The Interior Department is undoing a Biden-era regulation that treated conservation as a core mission alongside resource development on public lands overseen by the Bureau of Land Management, according to documents released by the Trump administration.
The canceled rule had been designed under President Joe Biden to shift how the Interior Department’s land bureau operates. The regulation placed conservation on “equal footing” with development and allowed taxpayer-owned public land to be leased for restoration through a mechanism similar to the way oil companies can lease land for drilling, the Associated Press reported.
Interior Secretary Doug Burgum said the rule could have prevented energy and timber production and harmed ranchers who graze on public lands, warning that it could have blocked access to hundreds of thousands of acres. Supporters of the 2024 approach argued that conservation had long been a secondary consideration at the land bureau and that the bureau’s practices did not match its mission under the 1976 Federal Lands Policy Management Act.
Biden’s 2024 rule also aimed to give conservation a more formal structure at the bureau, including a dedicated program that the bureau had not had before. Previously, the bureau issued leases for conservation purposes only in limited cases, rather than under a dedicated restoration program, according to the Associated Press account.
Administration officials said in the documents released Monday that the 2024 rule exceeded the authority Congress gave the land bureau and the Interior Department for conservation leasing. The administration’s position was that the rule went too far by allowing outside parties to obtain conservation leases on federal land.
The change drew strong opposition from industry groups and Republican lawmakers, who said conservation leasing under Biden’s rule violated the “multiple use” mandate for Interior Department lands. They characterized restoration leasing—described in the reporting as “non-use” of federal lands—as moving to prominence over activities such as drilling and grazing.
Dan Naatz of the Independent Petroleum Association of America said the administration’s action would provide “greater clarity and predictability” for independent oil and natural gas producers, adding that many rely on consistent permitting and leasing processes to operate and invest in domestic energy supply.
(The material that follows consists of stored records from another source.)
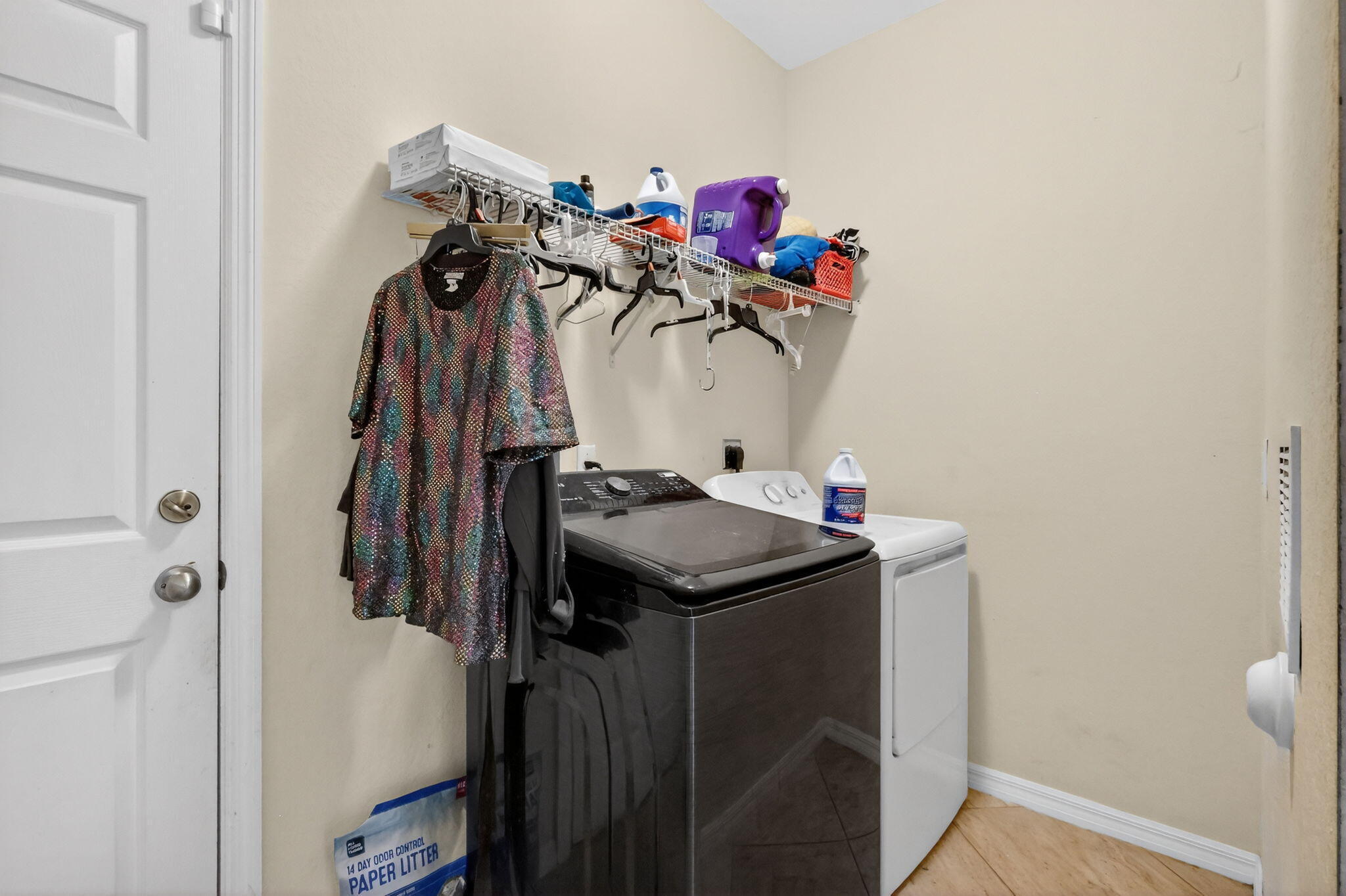 6720 Osage Circle Property Photo 13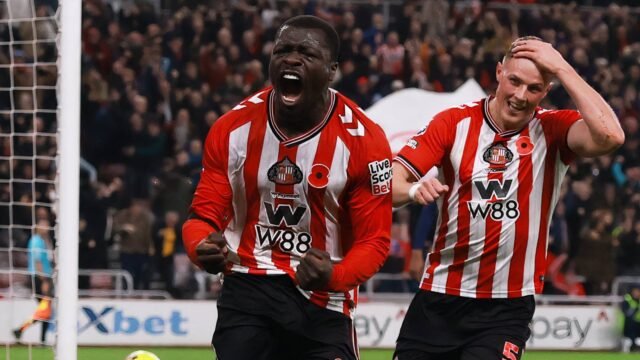 brian-brobbey-sunderland.jpg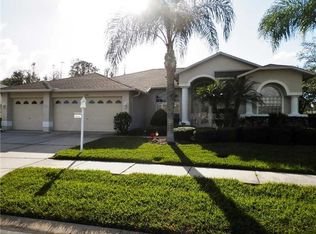 11740 Hadleigh Way, New Port Richey, FL 34655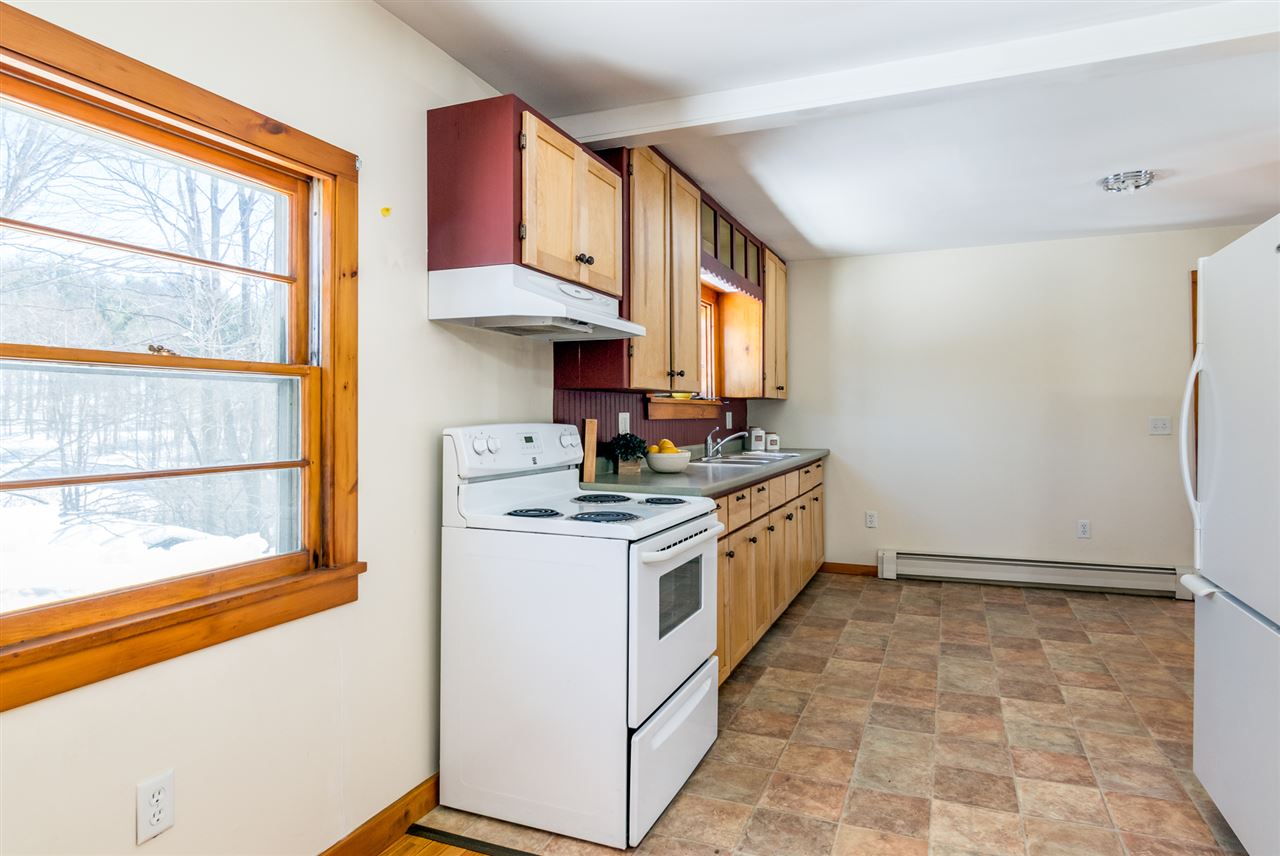 5189 St George Road Williston, VT 05495 - Photo 8 of 40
The federal government’s land holdings are concentrated in Western states including Alaska, California, Nevada, New Mexico, Utah and Wyoming, and the bureau also manages publicly owned underground mineral reserves across more than 1 million square miles, according to the AP report. As President Donald Trump took office, the administration pursued a series of actions intended to boost fossil fuel production on taxpayer-owned sites and to reduce support for some renewable energy projects that it said had been unfairly subsidized under Biden.
Conservation advocates criticized the rollback. Bobby McEnaney, with the Natural Resources Defense Council, said repealing the rule would mean “less protection for the clean drinking water, less protection for endangered wildlife that depend on healthy habitat, and less accountability when corporations leave these landscapes damaged and degraded.”
The repeal is set to take effect 30 days after it is published in the Federal Register, with the AP report saying it was scheduled for Tuesday. The action also followed recent Republican moves in Congress that canceled land management plans adopted in the last days of Biden’s administration restricting development in parts of Alaska, Montana and North Dakota.